“起来,快起来!”

        “大少爷?……快起来!”

        第二天一大早,‘番薯’就站在床头,使劲的推着朱学休,要求他起床,朱学休心里好不情愿。

        大前天晚上刚刚吃过晚饭,就跑到福田村代邦兴公处理村民火烧彭氏公祠的事情,一直忙到半夜三更;前天晚上想了一夜该怎么送礼,昨天又想入非非梦了一夜,破晓时分才真正睡着,这天刚亮就来喊起床,朱学休只想凑到‘番薯’面前给他两拳,只是如今想着再补一觉,不就不愿意动弹了,只能打个滚,翻两番。

        “急什么,这大清早的还让不让人安生!”

        朱学休翻了个身,不情不愿的裹着被单,直接往床里边靠,想着一定要再睡一会儿。

        “不能再睡了,安塘村的表嫂来了,等着要见你。

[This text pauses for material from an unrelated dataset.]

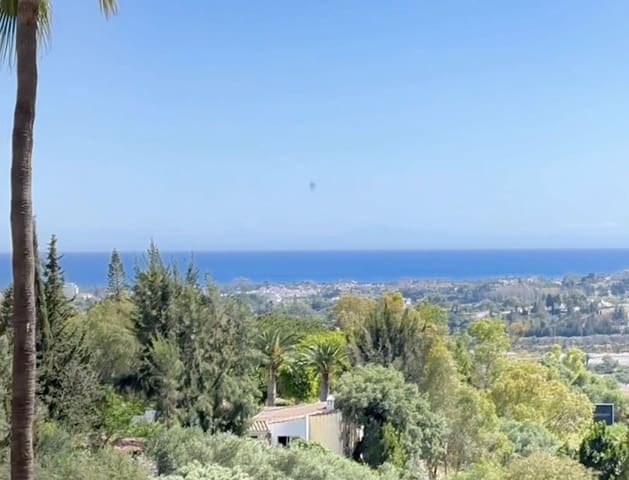 Apartamento de 2 habitaciones en Monte Halcones, Benahavís en venta - 675.000 € (Ref: 9480129)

”

        安塘村的表嫂?

        朱学休趴在枕头上,闭着眼,偏着头迷迷糊糊的想了好一会儿,也没有发现自己家里在安塘村有亲戚,不由得连连摇头。

        “不去……,安塘村我哪来的表嫂!”

        在江西,不只是陌生妇女称之为表嫂,还有真正表亲的嫂媳也称之为表嫂,最明显的差别就是在称呼这类表嫂之前会加上前缀,比如地名,比如姓氏,也有直接称某家的表嫂,比如说舅舅家的表嫂,那就是真正的表嫂,是娘家表哥表弟的媳妇。